Enter The Dragon was a defining moment for martial arts films and for Bruce Lee (real name Lee Jun Fan).
The first martial arts film produced by a major Hollywood studio came from Warner Brothers and made a star of Lee in the Western world.
Before Enter The Dragon, Lee had appeared as Kato in the short-lived US TV series The Green Hornet but was already a household name in Hong Kong.
He wanted more, though, and he knew he would only get it in Hollywood (ironically he was born in San Francisco).
This was no art-house movie. It’s a classic thriller. Lee – a Shaolin Monk and Asian James Bond figure – infiltrates a small island – home to the bad guy Han (Kien Shih) and his illicit drugs and prostitution racket.
Han holds a martial arts tournament on the island every three years, providing Lee with the perfect opportunity to gather evidence against the drug lord on behalf of the British secret service.
Lee also has a personal interest – Han’s sidekick Oharra (Bob Wall) caused the death of Lee’s sister. Cornered by Oharra, she committed suicide to prevent herself from being raped.
Among the men accompanying Lee to the tournament are two Americans – white trash gambler Roper (John Saxon), and a black playboy named Williams (Jim Kelly). Both men are first-rate fighters.
The film concludes with the fight to end all fights between the main adversaries, Lee and Han.

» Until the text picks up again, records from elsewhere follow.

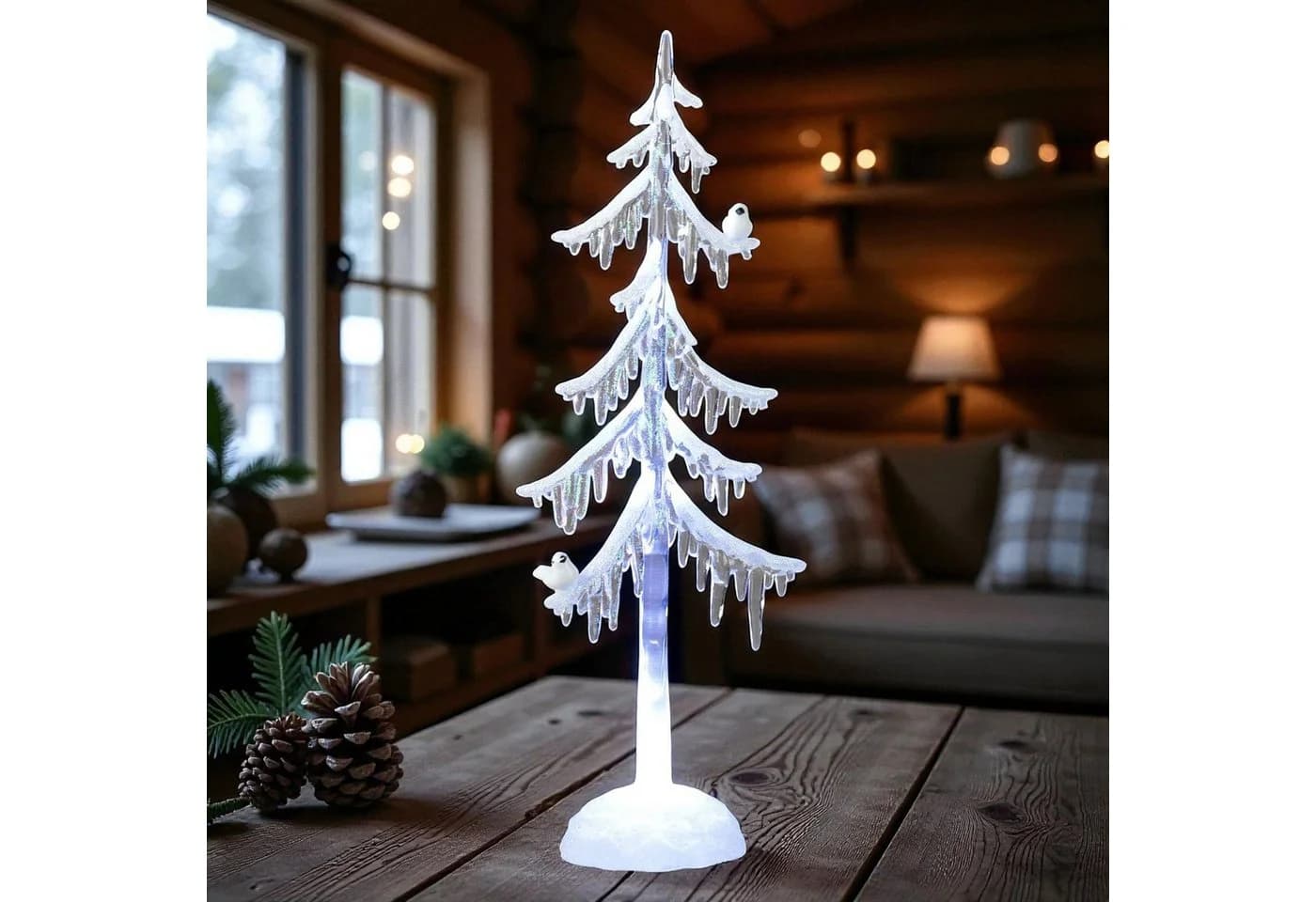 formano LED Weihnachtsbaum Acryl 25cm mit Licht & Vogel Winterdeko - Bild 4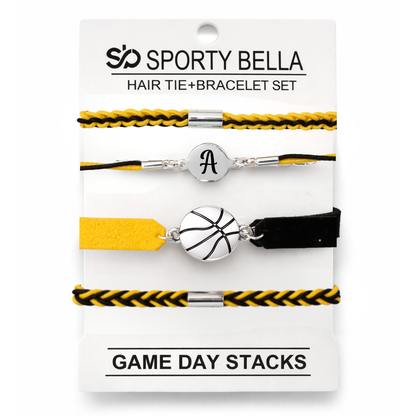 Personalized Basketball Hair Tie Bracelet Sets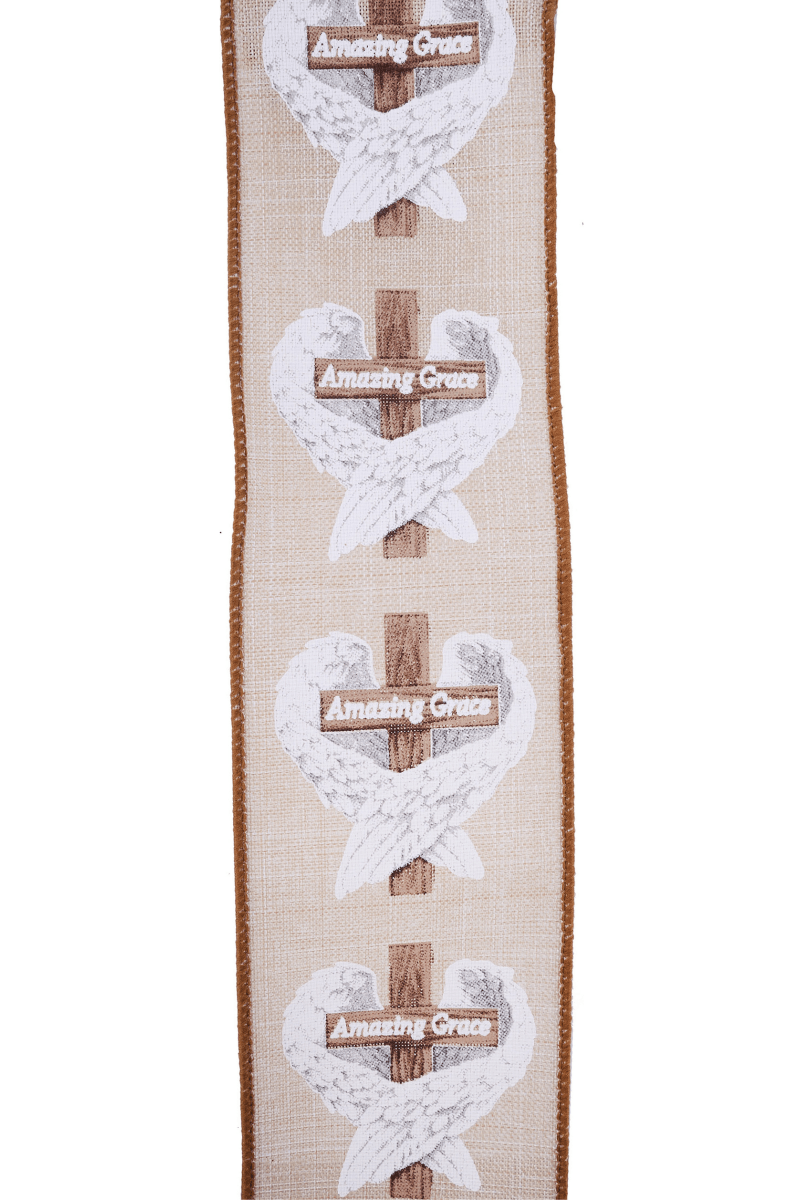 Shop For 2.5" Amazing Grace Wings Ribbon: Natural (10 Yards)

This sequence is made all the more astonishing by Han’s prosthetic hand, fitted with blades in place of fingers.
The showdown is a marvel of martial acrobatics and is unrivalled for its visual ingenuity, not least because it is staged in a house of mirrors.
The plot was thin, but the fight scenes showed Lee’s genius, turned him into a Hollywood icon and captured the imagination of popular culture for generations.
Everyone wanted to do it, a hundred martial arts rip-offs were popping up, every TV cop knew how to use his legs, and the disco movement had another fad to grasp on to.
Enter The Dragon has every 1970s and martial arts cliché you could hope for. From bad dubbing to the ultra cool cat performance of ultra afro’d Jim Kelly, to the funky wakka-wakka guitar music – and a swooshing and smacking sound effect accompanying every punch and every kick, even if nothing is actually hit.
Lee was the first Asian star to make it in Hollywood – but he never knew it. Three weeks before the premiere he was found dead in a Hong Kong apartment.
The conspiracy theories ran riot; some said he had been hit in the head too hard, or that he had been poisoned.
Then there was the ‘vibrating palm’ theory that certain Asian martial artists knew how to simply touch you and cause your internal organs to vibrate rapidly until you died.
The official verdict was that Lee had died of a brain oedema from a mysterious reaction to aspirin, and 100,000 people attended his funeral in Hong Kong. He was just 32.
If you see only one movie this year where a man with knives for fingers gets the crap kicked out of him in a hall of mirrors, let it be this one.
Jackie Chan can be clearly seen in a cameo appearance, getting his neck broken in the elaborate underground cave fight sequence.